I’m guessing that the sheep didn’t do well in the wetter
areas, and so the first herd of eight Konik ponies arrived in 2011, having
come from the Wildwood Trust in Kent, their arrival captured for TV (5).
Wildwood Trust chief executive Peter Smith appears in the video, and is
quoted: Can the grazing by a domesticated animal whose presence even as an analogue for an extinct species, but which has no legitimacy in a post-glacial Britain, be considered natural (6)? Is a fen meadow contrived by manipulating the hydrology of the reserve ever natural? Smith is of course rehearsing the conservation industry mantra that grazing by herbivores is a replacement for the cost of cutting by machinery, and which is echoed by Dominic Funnell of the RSPB in that video. Smith avers that the ponies came from a very large reserve in the Netherlands, which I presume must be the Oostvaardersplassen. While they may be free-ranging there, delivering of their offspring without assistance, they are still captive behind fences and have no experience of the fear of being predated, the same conditions that face them now in the RSPB reserve but in a much smaller area. I think it more likely that Smith is talking about the origins of his source of Konik ponies because, over the years, Wildwood has captively bred and then distributed hundreds of the ponies around the UK (7,8). How wild is that? How wild is a domesticated breed? A year later, a further four ponies were added to the herd, Richard Humpidge, RSPB, declaring that the ponies have been “so effective we've decided to increase the herd slowly and naturally through a breeding programme. That way we can monitor their progress and ensure we reach a grazing level that is beneficial for the thousands of geese, ducks and wading birds that need the wetlands to feed and breed” (9) No mention of meadow flowers there, but you have to follow the money in the change of emphasis for the grazing. Come forward to June this year, and BBC Two Scotland has a section of their Landward program where “Dougie is at the Loch of Strathbeg nature reserve to meet the rare Polish ponies that are being used to control the growth of vegetation to create a better habitat for local wildlife” (10)

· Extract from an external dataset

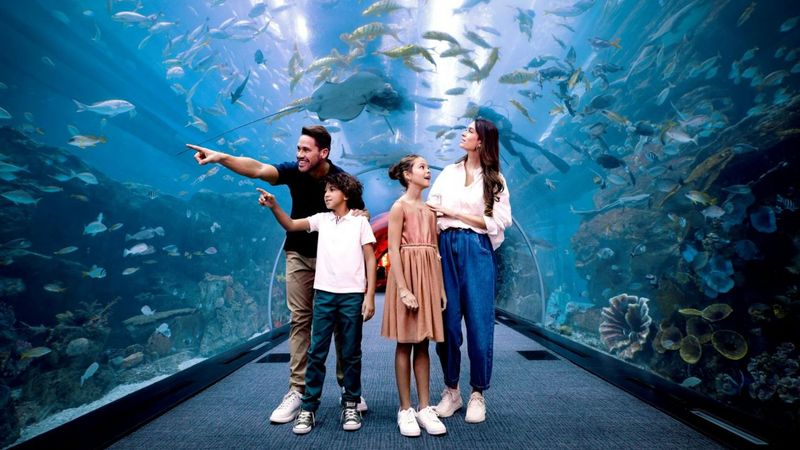 Dubai Mall Aquarium - All Access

The reason for this second TV piece on the ponies? Arch
open landscape protagonists Plantlife led a successful £2.1m consortium bid
to the Heritage Lottery Fund for the Save our Magnificent Meadows Project
(11,12). As a partner in this consortium, RSPB Scotland put in a bid for
money to fund conservation work on the fen meadows at Loch Strathbeg. What
you can read in the RSPB press release about the project, but won’t hear in the latest and
third TV piece, is what that money is being used for. In the press
release, Richard Humpidge – who earlier said the ponies had been “so
effective” (see above) is quoted as saying that that during the three
years they have been there, the Konik ponies have made a “good start”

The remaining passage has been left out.